On the stovetop, broccoli and cauliflower left to steam. Forgotten.

When I write, time disappears. I forget where I am, who I am, what I am – I become Billy Elliott at his audition, I dunno, it’s like I’m ‘lectricity, yeah, ‘lectricity. That is the beauty of the creative thing, and the danger of the creative thing. It’s why I escaped into writing as a damaged child, because I disappeared in it. It’s why that same damage never quite heals enough to allow me to live in this world in a way that remembers the broccoli, and all my relationships are broccoli. Writing is my blessing. Writing is my curse. It isn’t what I do. It’s what I am. When I am writing, I am writing.
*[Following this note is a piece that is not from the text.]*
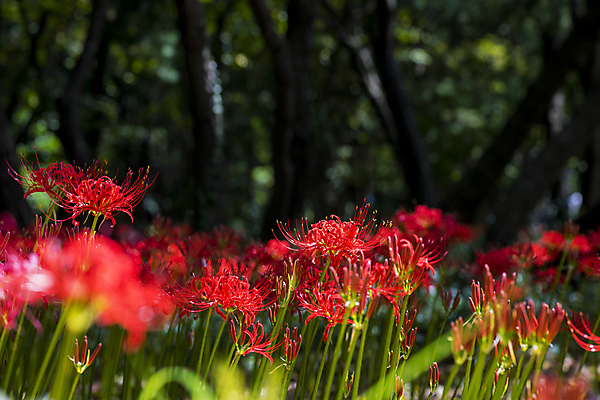 포토 JPG 주간 꽃밭 자연 가을꽃 사람없음 야외 가을풍경 정원 가을 소프트포커스 만개 석산꽃 국내포토 자연요소 계절 꽃 촬영기법 풍경 생태계 파일형식 가을_계절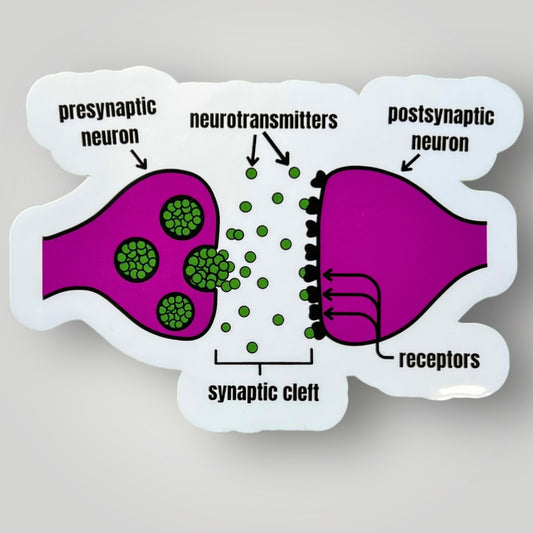 Synapse Sticker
I smelled the burning, and snapped to. Stopped typing and scowling and disappearing. Jumped up. Ran to the kitchen to find the clunky metaphor, slung at me by the orishas. Smoke from the pan, all the water gone, everything green turned to oil, turned to coal, turned to curling shadow ghost. I’d shown him the sprouting thing in me, and he’d asked to take a closer look, with his stiff, solitary, blind wet eye.

I grabbed the pan and put it in the sink, ran cold water over it, a desperate attempt to make that fever go down. And the glass top, the glass top that came with the pan, the one meant for cooking, was too hot then, too hot for that water. And it just…shattered.

Thousands of pieces of glass. It was a beautiful thing to see. First the webbed birthing crunch of the cracks, alerting me to spiderspirit. I turned the water off. But it was too late. The damage had been done. Every little piece of the thing, a thing that had seemed so solid when I bought it, recoiled, bunched back, retreated into its shell. A rain of blood diamonds in the sink, and many of them tumbling down into the garbage disposal.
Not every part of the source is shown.